Directions:
Print the lines below from the line with "Texas A&M Aggies" to the line with "Samsung Smartwatch 6- 44MM" exactly, keeping both ends, and print no pictures.

Material to process:
* * *

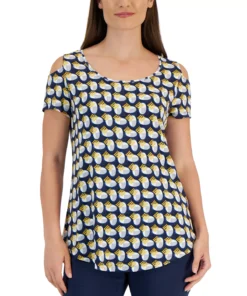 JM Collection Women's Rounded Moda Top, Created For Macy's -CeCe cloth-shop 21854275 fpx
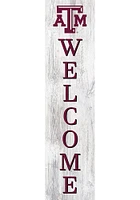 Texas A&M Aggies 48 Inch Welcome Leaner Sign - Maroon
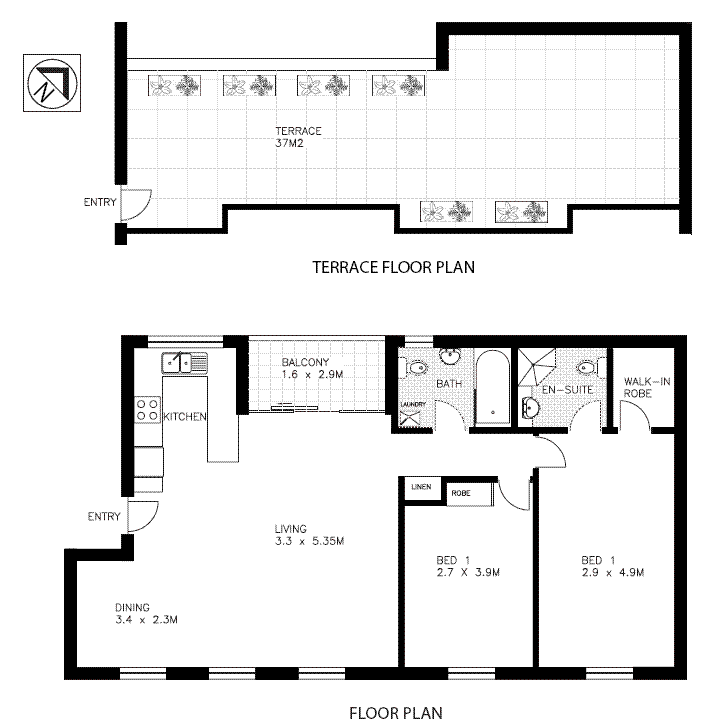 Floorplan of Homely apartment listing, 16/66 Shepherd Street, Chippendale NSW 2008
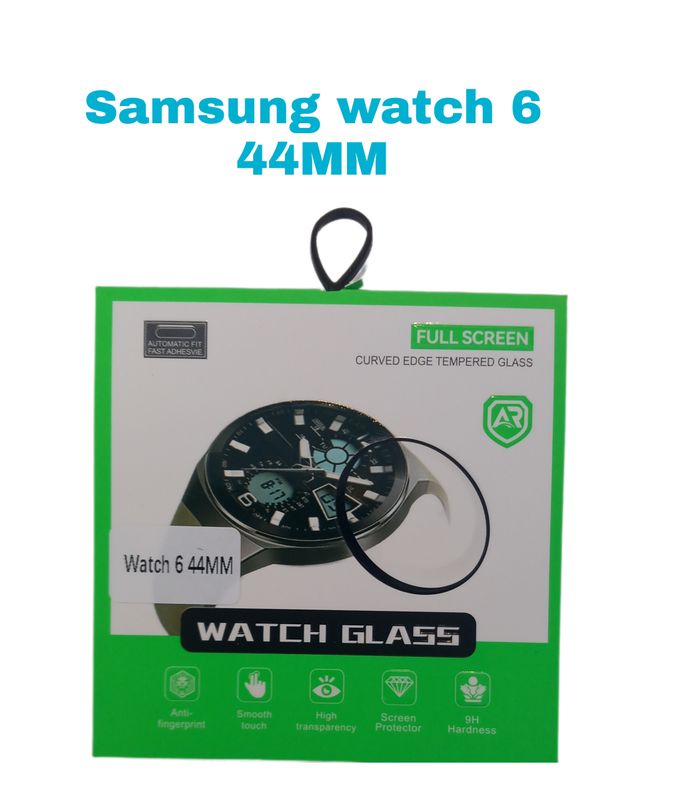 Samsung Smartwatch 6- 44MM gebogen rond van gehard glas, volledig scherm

* * *

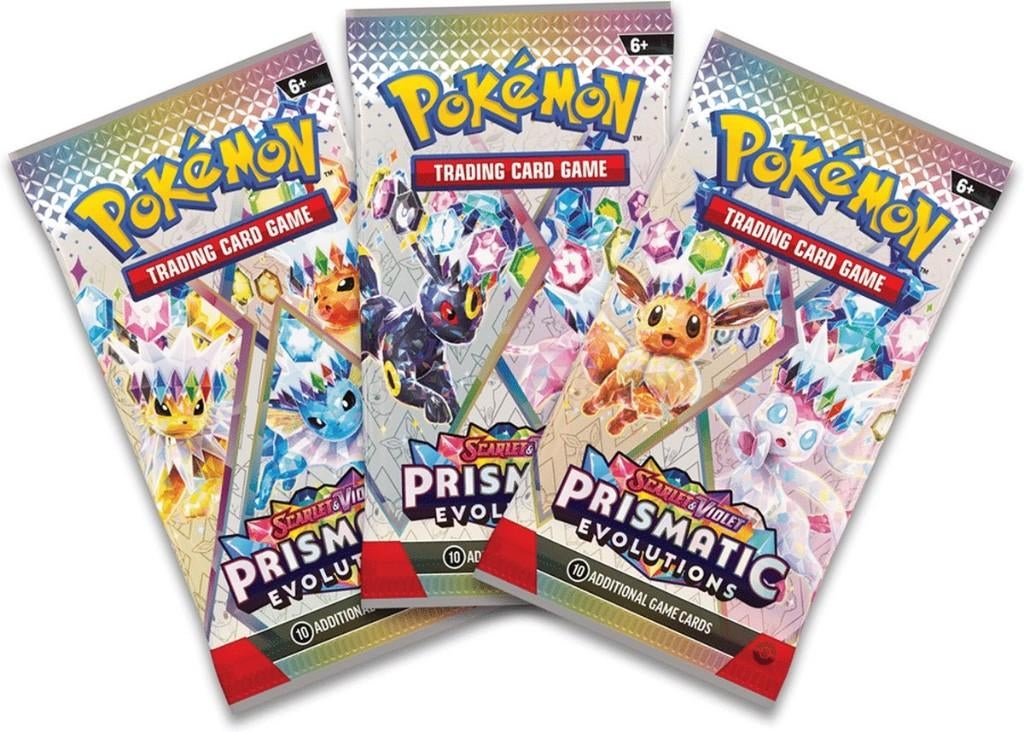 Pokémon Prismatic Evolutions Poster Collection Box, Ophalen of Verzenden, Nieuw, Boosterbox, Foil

* * *

Completed exercise:
 Texas A&M Aggies 48 Inch Welcome Leaner Sign - Maroon
 Floorplan of Homely apartment listing, 16/66 Shepherd Street, Chippendale NSW 2008
 Samsung Smartwatch 6- 44MM gebogen rond van gehard glas, volledig scherm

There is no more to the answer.